Принципиальное развенчание науки обосновывается тем, что научные истины преходящи и относительны; — то, что сегодня истина, завтра может стать «заблуждением», и нет прочной уверенности в познанном, и относится оно только к явлениям, к видимости вещей, сущность же их недоступна для науки. Таким образом, «высшая» и «драгоценнейшая» потребность человеческого существа, потребность в знании «абсолютном» и «непреходящем» здесь остается неудовлетворенной. [40] Немыслимо, далее, построить на точном знании нравственную оценку жизни, этические нормы, что также составляет «высшую» и «абсолютную» потребность. — Раз же всего этого нет и не может быть в науке, и вообще в опыте, то ясно, что за всем этим надлежит обращаться к метафизике и религии, для которых «абсолютное», «непреходящее», «высшее» является, так сказать, специальностью. А там уже нетрудно метафизические схемы и религиозные догмы приспособить к целям апологии, — нетрудно потому, что в основе их лежит не стесняемый научной точностью и строгостью — познавательный произвол.

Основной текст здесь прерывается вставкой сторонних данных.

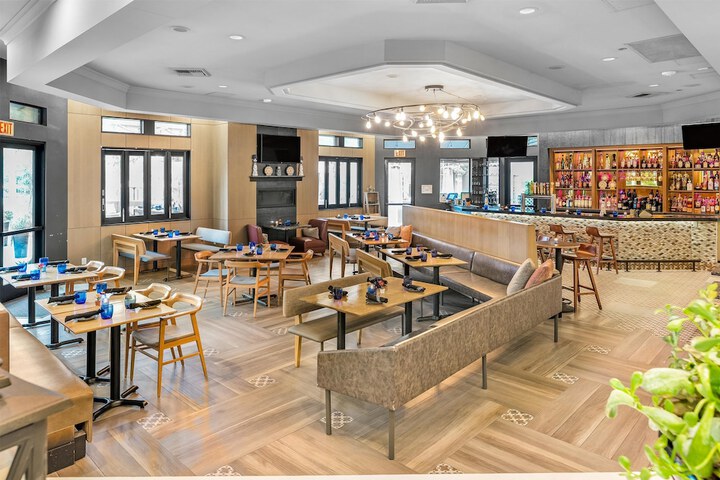 Hilton San Diego / Del Mar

Такова общая позиция тех, кто ставит своей целью дискредитирование науки. В частности же стараются использовать все пробелы и недочеты научных знаний, все неизбежные от времени до времени кризисы различных наук, чтобы обличать непрочность и ненадежность положительного познания с его основой — опытом. В биологии виталисты утверждают, что сущность жизненного механизма недоступна методам физики и химии, что там имеется особый фактор, изменяющий действие законов природы. В этом факторе, называемом «жизненной силой», «жизненной энергией» или хотя бы даже «биогенным эфиром» нетрудно узнать слегка переодетую душу авторитарного происхождения, обесцвеченную на метафизический манер. В области социальной, мыслители, подобные Риккерту, доказывают невозможность научного исторического познания, исторических законов и т. под. Самые грандиозные успехи научного исследования, глубоко преобразующие понятие людей о мире, своеобразной диалектикой превращаются в оружие против науки, как яркое выражение неустойчивости ее истин.